Reading Closely the Story of Emma Lazarus's 'The New Colossus'
The Atlantic gives us the story behind Emma Lazarus's 1883 sonnet “The New Colossus,” the words of which have "seemed more visible since Donald Trump’s election." More, from poet and scholar Walt Hunter:
A little like Robert Frost’s “The Road Not Taken,” published in 1916, “The New Colossus” is one of those poems that is constantly rediscovered and recontextualized. Whether the popularity of “The New Colossus” is a consequence of the poem’s timelessness, its curious forgettability, or its “schmaltzy” sincerity, writers, readers, and politicians resurrect Lazarus’s sonnet to speak directly to a present moment in which anti-black racism, xenophobia, immigration bans, and refugee crises define the terms of U.S. and European political discourse.

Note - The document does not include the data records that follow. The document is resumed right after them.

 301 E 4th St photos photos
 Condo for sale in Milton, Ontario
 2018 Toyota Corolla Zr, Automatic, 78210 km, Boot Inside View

The story of the poem’s creation has circulated almost as widely as the lines of Lazarus’s poem. The Jewish Lazarus was a prolific writer in multiple genres, a political activist, a translator, and an associate of late-19th-century literati—from Ralph Waldo Emerson to James Russell Lowell. She wrote the sonnet, after some persuasion by friends, for an auction to raise money for the pedestal of the Statue of Liberty. But the details of the poem’s production and of its author’s biography do not fully capture the conditions under which the poem emerged, conditions that help to explain the poem’s message to its immiserated masses.